Bij besluit van 29 oktober 2020 (het bestreden besluit) heeft verweerder het bezwaar van eiseres ongegrond verklaard.
Eiseres heeft tegen het bestreden besluit beroep ingesteld.
Verweerder heeft een verweerschrift ingediend.
Het onderzoek ter zitting heeft plaatsgevonden op 23 juni 2021. Eiseres heeft zich laten vertegenwoordigen door haar gemachtigde, vergezeld van [naam] en [naam]. Verweerder heeft zich laten vertegenwoordigen door zijn gemachtigde.
Overwegingen
De ex-werknemer, die op 26 januari 1996 in dienst was getreden bij (de rechtsvoorganger van) eiseres, werd op 8 april 2013 ziek. Naar aanleiding van zijn aanvraag om een uitkering op grond van de Wet werk en inkomen naar arbeidsvermogen (Wet WIA) verlengde verweerder de loondoorbetalingsverplichting van eiseres tot 3 mei 2016 (loonsanctie), omdat er onvoldoende re-integratie-inspanningen waren verricht.
Eiseres en ex-werknemer hebben op 22 augustus 2018 een vaststellingsovereenkomst gesloten, waarin is neergelegd dat het dienstverband per 1 september 2018 eindigt en dat eiseres aan ex-werknemer een ontslagvergoeding betaalt van € 37.900,- bruto.
Op 1 april 2020 heeft eiseres aan verweerder verzocht om vergoeding (compensatie) van de door haar aan ex-werknemer betaalde ontslagvergoeding (transitievergoeding). Verweerder heeft vervolgens het primaire besluit genomen.
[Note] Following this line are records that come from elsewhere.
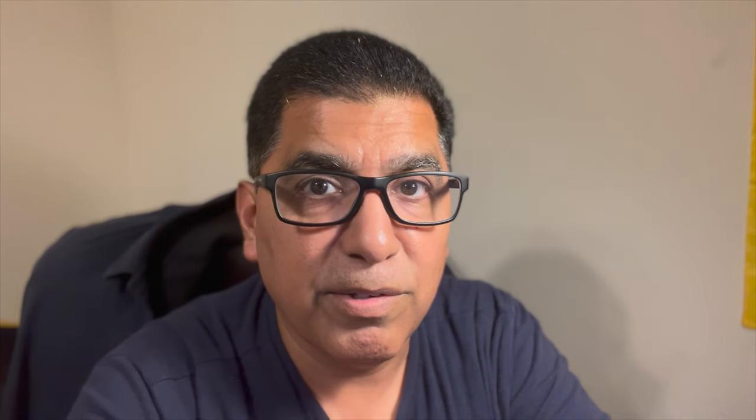My conclusion is no. Boot Camp in combination with Parallels Desktop is unbeatable. But let me go ahead and show you what I found here and then you decide for yourself.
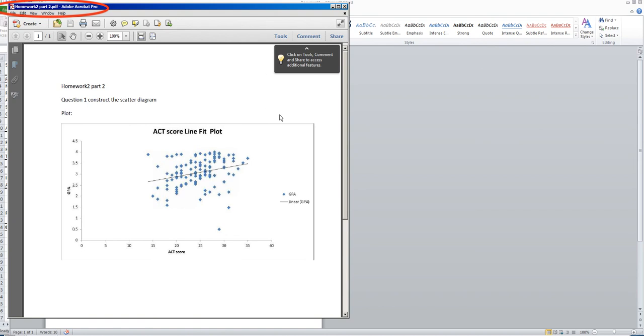You can use this video to help you move a plot from Excel to Word and save your Word file as PDF.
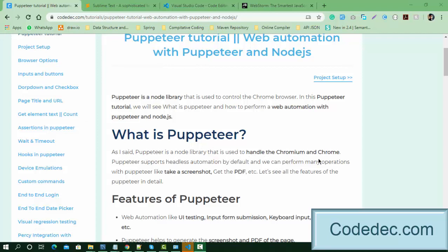Puppeteer is a Node library used to handle Chromium and the Chrome browser. Puppeteer supports headless automation by default. What does headless automation mean? It means we can run our automation suite against the Chrome browser but it's not going to open a browser — you can't see the execution. This is the default nature of Puppeteer. However, we can add a few lines of code to make it headful, which means the browser will open and you can see the execution.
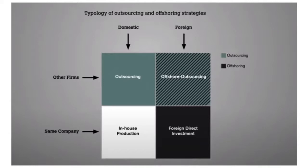As you can see in the top left corner, if we are outsourcing — letting our jobs go into other firms in a domestic source — it's called outsourcing. Whereas if we give it to some other firms and do it in a foreign country, it's offshore outsourcing. In the bottom left, if we are doing it in the same company domestically, it's called in-house production. However, if we do it in a foreign country within our own firm, it's called Foreign Direct Investment, FDI.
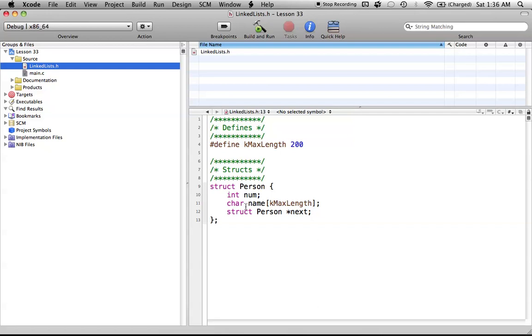So if we had two persons that we wanted to point to, or two people, we create one person, and then we have to point using the next pointer in that person. We use this pointer to point to the next person in the list. So that's how the list works.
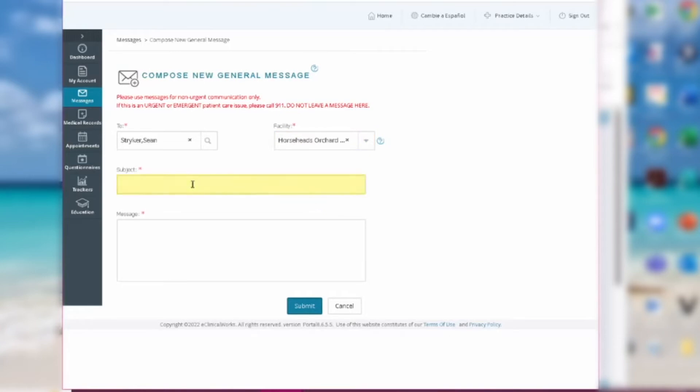Next, give your message a title under Subject. In this case, we're going to ask a question about a prescription medication.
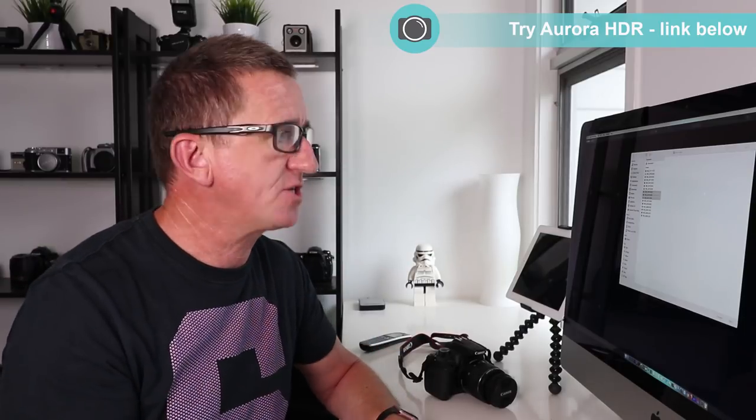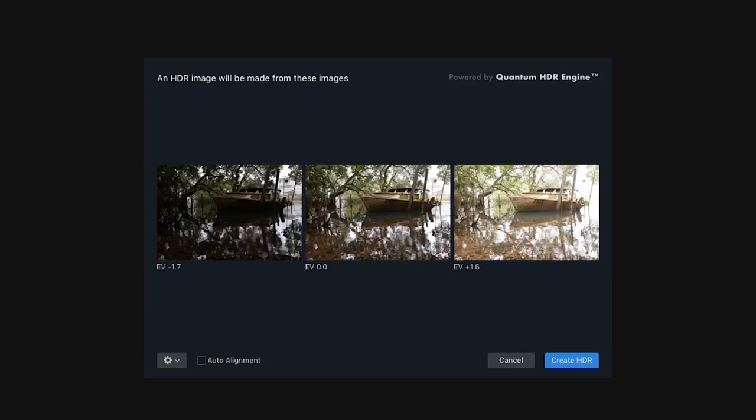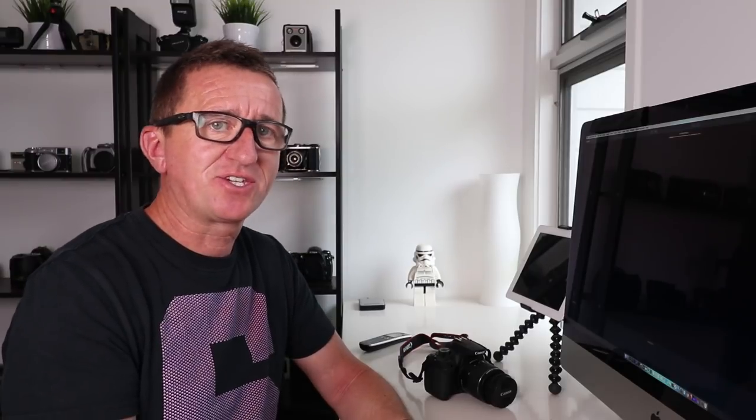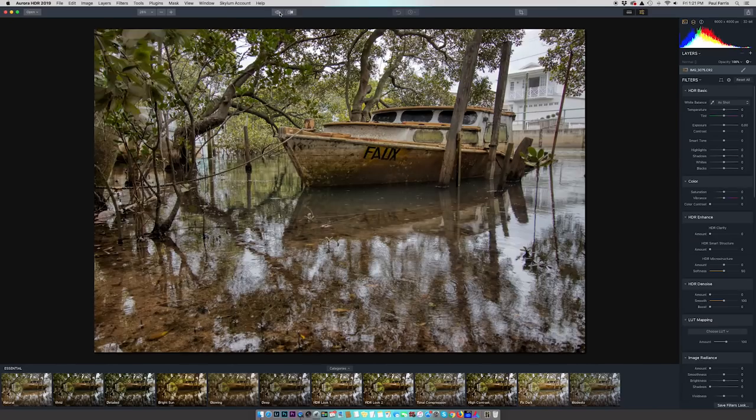The software I'm going to use is Aurora HDR 2019 — I'll put some details in the links below the video so you can check it out. I'll click Open, I've selected three images, and the first thing I see is the original image in the middle, the underexposed thumbnail to the left, and the overexposed thumbnail to the right. All I've got to do now is click 'Create HDR' and the software will merge the three images into one single image. This usually takes a few seconds. Wow — I haven't even done anything yet and this already looks pretty amazing!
2. Aan het bestreden besluit ligt ten grondslag dat eiseres weliswaar aan de voorwaarden voor compensatie voldoet, maar dat de omvang ervan op € 0,- dient te worden vastgesteld. De vergoeding kan namelijk niet meer bedragen dan wat de werkgever verschuldigd zou zijn op de dag na het twee jaar durende opzegverbod bij ongeschiktheid tot werken wegens ziekte. Dat is in dit geval 7 april 2015. Op deze datum bestond nog geen recht op een transitievergoeding nu de Wet werk en zekerheid (Wwz) eerst op 1 juli 2015 in werking trad. De opgelegde loondoorbetalingsverplichting tot 3 mei 2016 doet daar niet aan af.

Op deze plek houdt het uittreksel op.